*** EXERCISE INPUT ***
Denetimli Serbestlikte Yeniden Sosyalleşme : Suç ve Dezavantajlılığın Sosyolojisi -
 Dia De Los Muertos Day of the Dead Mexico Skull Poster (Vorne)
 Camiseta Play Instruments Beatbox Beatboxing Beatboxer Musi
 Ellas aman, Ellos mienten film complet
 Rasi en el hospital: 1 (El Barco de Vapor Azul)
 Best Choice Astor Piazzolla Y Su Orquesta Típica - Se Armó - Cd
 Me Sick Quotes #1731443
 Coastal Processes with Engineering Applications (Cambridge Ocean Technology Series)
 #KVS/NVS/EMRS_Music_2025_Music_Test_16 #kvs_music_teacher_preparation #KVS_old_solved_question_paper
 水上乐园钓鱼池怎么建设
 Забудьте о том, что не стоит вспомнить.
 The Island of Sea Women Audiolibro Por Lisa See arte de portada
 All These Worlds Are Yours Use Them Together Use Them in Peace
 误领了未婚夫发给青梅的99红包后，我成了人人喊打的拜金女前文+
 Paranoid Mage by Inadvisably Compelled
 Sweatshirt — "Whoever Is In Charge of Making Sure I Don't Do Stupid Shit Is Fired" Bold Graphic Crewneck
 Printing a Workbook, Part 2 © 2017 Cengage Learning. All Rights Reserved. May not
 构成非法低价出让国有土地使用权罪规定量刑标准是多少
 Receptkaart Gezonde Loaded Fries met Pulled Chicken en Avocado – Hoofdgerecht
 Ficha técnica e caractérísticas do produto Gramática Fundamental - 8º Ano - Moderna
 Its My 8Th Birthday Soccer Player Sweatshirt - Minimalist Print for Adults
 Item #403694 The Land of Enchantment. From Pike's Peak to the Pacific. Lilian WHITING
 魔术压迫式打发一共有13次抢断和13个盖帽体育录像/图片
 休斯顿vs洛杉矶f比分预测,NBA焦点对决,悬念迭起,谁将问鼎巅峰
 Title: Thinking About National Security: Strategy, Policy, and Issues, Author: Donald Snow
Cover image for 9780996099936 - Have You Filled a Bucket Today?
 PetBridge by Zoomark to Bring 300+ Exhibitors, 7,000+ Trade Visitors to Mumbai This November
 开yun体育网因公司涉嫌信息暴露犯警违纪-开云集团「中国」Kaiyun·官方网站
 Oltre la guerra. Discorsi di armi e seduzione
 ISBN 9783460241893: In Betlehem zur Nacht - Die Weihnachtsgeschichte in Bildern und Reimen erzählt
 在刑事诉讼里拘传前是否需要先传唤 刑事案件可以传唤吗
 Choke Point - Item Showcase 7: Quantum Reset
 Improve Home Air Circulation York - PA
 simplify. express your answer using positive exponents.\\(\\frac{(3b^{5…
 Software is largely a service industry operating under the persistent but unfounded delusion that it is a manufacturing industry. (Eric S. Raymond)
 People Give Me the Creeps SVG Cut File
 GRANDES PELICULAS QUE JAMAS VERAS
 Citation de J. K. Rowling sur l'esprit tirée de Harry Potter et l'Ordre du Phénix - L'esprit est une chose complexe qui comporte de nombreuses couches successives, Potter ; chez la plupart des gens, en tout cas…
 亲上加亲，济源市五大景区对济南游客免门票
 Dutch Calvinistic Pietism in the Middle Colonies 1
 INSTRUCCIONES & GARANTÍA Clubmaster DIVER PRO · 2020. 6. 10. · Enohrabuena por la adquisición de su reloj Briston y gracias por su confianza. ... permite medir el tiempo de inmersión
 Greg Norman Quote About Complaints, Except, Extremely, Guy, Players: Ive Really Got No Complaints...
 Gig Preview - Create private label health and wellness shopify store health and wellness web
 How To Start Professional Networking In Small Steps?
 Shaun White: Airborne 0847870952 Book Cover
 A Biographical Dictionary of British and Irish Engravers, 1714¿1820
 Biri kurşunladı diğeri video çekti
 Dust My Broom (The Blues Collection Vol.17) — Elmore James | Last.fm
*** End of EXERCISE INPUT ***
TASK REQUIREMENTS
From the listing, copy each line containing the word "Cover".

YOUR SOLUTION
Cover image for 9780996099936 - Have You Filled a Bucket Today?
 Shaun White: Airborne 0847870952 Book Cover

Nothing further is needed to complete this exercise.